ACTIVITY: Repeat exactly, and only, the lines of the entries below from the one with "kitchen with white" through the one with "a living room with a", both ends included.

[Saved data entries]

......

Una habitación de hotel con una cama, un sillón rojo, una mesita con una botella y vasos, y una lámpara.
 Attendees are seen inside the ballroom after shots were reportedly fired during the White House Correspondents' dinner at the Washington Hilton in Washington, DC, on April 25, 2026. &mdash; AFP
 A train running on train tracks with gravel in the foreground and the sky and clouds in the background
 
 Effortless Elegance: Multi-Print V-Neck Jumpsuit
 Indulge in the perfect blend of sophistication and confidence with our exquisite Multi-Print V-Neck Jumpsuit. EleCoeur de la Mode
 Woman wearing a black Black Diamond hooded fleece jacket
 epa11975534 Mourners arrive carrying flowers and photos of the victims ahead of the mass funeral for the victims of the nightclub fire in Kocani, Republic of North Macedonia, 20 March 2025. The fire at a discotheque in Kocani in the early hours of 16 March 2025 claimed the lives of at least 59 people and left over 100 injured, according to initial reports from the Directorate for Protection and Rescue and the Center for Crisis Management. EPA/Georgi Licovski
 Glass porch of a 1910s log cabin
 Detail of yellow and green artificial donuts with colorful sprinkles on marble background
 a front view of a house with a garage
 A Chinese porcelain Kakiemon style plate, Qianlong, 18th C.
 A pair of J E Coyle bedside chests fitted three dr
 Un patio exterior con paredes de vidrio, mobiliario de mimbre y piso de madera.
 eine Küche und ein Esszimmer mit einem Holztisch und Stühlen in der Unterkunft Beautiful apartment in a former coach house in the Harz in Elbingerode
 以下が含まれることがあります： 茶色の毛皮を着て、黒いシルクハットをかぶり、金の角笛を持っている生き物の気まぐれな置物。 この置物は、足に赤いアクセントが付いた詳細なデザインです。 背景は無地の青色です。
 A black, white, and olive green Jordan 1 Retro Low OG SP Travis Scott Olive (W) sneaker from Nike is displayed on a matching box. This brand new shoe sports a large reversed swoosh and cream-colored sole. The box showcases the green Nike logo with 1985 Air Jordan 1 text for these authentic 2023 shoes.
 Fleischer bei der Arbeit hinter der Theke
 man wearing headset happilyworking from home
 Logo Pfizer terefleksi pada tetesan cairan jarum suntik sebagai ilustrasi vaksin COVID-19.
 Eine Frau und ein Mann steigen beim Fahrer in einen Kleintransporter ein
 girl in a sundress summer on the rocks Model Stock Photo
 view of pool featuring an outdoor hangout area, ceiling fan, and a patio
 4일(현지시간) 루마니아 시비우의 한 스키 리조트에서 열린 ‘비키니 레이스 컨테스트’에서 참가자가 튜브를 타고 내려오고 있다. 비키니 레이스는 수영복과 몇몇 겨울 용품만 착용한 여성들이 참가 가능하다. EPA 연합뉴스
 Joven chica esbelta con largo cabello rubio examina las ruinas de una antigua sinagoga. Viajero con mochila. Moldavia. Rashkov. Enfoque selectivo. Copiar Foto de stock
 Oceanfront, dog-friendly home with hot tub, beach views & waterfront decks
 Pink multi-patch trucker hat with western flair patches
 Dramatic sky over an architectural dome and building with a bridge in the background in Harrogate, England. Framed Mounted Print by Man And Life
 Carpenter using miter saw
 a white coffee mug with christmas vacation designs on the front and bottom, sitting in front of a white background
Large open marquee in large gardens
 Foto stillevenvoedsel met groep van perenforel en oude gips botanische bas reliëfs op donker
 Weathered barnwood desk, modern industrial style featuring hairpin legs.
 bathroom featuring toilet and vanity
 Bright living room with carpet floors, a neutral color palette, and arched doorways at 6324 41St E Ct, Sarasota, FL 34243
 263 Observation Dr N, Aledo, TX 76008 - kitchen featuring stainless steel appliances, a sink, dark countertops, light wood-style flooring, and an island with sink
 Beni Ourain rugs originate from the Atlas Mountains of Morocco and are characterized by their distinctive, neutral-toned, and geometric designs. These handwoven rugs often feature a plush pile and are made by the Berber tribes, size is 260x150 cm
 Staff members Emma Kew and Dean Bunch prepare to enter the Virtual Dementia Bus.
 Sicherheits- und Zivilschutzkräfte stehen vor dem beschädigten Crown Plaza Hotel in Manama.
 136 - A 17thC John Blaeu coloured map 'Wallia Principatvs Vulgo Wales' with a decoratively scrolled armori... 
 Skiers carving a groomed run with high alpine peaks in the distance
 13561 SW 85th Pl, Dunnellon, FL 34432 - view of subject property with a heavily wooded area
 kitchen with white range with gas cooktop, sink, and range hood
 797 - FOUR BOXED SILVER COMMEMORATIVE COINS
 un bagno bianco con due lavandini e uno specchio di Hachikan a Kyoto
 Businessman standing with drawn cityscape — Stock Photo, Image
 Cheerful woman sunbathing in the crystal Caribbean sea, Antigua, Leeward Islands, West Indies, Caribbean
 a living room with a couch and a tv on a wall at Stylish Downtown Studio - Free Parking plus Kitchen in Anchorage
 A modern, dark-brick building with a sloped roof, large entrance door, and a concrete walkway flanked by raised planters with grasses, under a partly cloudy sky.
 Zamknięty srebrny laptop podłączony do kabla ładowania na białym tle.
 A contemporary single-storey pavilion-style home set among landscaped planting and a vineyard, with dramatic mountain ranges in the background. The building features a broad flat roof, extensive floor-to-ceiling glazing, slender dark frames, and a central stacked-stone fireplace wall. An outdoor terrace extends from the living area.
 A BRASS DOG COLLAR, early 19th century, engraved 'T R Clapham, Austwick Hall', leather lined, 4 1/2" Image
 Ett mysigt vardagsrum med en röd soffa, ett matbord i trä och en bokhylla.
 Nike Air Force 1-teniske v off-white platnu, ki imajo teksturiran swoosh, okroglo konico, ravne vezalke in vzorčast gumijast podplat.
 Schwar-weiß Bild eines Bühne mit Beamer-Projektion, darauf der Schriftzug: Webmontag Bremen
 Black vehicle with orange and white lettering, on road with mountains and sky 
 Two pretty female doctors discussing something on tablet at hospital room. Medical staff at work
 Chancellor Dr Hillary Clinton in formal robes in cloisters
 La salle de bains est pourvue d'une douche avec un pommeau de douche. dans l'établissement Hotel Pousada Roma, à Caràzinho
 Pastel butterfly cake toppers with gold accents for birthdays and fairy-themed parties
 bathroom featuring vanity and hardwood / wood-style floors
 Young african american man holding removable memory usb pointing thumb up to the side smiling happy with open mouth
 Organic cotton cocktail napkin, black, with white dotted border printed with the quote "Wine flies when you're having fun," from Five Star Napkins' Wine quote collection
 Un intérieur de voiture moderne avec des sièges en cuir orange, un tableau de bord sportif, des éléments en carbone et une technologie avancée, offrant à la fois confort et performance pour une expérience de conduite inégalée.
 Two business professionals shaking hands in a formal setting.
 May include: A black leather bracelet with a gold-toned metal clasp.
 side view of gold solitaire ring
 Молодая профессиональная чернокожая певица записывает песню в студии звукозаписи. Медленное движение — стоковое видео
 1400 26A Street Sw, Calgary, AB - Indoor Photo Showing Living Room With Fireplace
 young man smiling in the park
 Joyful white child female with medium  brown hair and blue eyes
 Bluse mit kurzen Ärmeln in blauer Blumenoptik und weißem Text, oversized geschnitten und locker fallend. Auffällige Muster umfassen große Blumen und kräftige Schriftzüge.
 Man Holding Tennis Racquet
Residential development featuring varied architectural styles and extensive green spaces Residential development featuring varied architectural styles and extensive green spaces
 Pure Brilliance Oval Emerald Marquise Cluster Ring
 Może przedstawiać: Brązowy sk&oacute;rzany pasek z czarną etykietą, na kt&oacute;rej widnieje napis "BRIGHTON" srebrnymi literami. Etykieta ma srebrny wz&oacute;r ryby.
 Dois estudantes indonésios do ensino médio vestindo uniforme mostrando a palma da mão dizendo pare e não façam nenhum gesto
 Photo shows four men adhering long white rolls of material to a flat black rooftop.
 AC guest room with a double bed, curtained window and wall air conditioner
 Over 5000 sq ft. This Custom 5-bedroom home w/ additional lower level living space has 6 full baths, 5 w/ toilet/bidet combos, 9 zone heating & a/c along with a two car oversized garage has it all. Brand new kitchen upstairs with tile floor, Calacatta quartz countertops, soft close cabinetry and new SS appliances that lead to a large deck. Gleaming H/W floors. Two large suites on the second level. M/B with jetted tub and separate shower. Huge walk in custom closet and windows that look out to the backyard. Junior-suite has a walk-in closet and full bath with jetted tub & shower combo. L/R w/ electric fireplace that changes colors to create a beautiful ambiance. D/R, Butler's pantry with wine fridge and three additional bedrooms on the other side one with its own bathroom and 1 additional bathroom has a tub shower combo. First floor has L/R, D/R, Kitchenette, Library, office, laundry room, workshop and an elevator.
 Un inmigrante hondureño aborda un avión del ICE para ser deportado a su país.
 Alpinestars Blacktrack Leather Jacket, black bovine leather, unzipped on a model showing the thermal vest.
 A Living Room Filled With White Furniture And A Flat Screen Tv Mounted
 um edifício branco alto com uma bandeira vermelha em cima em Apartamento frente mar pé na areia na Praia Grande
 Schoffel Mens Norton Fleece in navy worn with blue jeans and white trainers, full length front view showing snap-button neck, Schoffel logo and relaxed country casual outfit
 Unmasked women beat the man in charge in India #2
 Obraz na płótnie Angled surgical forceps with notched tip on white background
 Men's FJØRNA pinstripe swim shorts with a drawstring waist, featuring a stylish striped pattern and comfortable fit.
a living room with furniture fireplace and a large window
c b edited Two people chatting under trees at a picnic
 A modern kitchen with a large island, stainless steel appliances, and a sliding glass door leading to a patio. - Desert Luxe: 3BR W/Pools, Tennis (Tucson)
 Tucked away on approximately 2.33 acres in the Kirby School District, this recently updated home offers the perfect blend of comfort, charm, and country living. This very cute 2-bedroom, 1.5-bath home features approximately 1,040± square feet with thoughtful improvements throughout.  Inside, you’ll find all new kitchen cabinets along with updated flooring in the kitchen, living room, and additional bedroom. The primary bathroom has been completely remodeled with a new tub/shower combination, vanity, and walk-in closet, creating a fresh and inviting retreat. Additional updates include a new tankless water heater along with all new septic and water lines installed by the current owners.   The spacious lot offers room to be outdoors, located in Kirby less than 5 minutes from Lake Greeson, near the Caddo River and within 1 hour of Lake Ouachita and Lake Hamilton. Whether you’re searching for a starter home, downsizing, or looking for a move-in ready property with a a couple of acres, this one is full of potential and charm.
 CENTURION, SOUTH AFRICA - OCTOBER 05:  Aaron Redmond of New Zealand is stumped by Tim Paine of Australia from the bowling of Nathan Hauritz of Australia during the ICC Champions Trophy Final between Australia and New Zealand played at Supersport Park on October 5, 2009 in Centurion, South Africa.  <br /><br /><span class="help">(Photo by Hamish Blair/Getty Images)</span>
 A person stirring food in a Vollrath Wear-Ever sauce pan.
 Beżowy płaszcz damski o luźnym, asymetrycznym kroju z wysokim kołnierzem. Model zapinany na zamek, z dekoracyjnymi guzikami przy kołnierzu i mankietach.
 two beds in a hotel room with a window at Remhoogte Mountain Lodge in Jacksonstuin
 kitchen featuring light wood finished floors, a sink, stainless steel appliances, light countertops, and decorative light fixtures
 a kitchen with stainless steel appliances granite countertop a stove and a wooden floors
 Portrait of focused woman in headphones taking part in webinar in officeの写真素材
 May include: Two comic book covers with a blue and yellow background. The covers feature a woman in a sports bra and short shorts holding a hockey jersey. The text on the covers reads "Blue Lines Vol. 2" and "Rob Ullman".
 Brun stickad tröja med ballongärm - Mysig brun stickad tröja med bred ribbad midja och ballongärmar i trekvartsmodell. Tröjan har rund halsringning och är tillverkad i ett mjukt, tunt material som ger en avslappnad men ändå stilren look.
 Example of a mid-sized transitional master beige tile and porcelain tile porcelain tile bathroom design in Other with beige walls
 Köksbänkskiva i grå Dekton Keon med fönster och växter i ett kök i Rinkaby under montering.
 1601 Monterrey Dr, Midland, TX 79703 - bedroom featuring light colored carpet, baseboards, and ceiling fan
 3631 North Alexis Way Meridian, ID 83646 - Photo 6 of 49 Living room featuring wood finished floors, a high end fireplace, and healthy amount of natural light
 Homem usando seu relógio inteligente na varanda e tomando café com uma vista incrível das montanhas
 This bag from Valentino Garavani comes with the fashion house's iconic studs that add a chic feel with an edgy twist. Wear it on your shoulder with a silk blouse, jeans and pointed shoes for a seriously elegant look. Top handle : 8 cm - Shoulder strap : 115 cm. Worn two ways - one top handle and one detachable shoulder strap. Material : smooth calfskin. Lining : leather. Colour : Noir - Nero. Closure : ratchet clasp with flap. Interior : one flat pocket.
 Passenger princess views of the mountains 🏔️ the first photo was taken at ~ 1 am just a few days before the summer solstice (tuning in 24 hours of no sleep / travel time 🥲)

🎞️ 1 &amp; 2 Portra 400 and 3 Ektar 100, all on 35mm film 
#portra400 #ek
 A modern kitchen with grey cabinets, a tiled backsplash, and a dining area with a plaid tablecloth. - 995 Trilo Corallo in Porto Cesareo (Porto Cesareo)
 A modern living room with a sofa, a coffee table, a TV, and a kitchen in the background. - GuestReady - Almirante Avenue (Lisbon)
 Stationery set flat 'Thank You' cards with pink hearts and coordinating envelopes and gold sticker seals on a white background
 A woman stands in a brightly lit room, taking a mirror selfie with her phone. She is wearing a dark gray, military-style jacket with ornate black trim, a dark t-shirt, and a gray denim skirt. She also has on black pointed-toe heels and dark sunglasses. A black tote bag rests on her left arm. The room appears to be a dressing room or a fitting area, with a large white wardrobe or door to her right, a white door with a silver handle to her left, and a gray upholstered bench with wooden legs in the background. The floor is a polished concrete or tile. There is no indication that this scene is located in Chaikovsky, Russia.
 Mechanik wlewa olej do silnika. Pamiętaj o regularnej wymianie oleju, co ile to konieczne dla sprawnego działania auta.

......

TASK ANSWER:
 kitchen with white range with gas cooktop, sink, and range hood
 797 - FOUR BOXED SILVER COMMEMORATIVE COINS
 un bagno bianco con due lavandini e uno specchio di Hachikan a Kyoto
 Businessman standing with drawn cityscape — Stock Photo, Image
 Cheerful woman sunbathing in the crystal Caribbean sea, Antigua, Leeward Islands, West Indies, Caribbean
 a living room with a couch and a tv on a wall at Stylish Downtown Studio - Free Parking plus Kitchen in Anchorage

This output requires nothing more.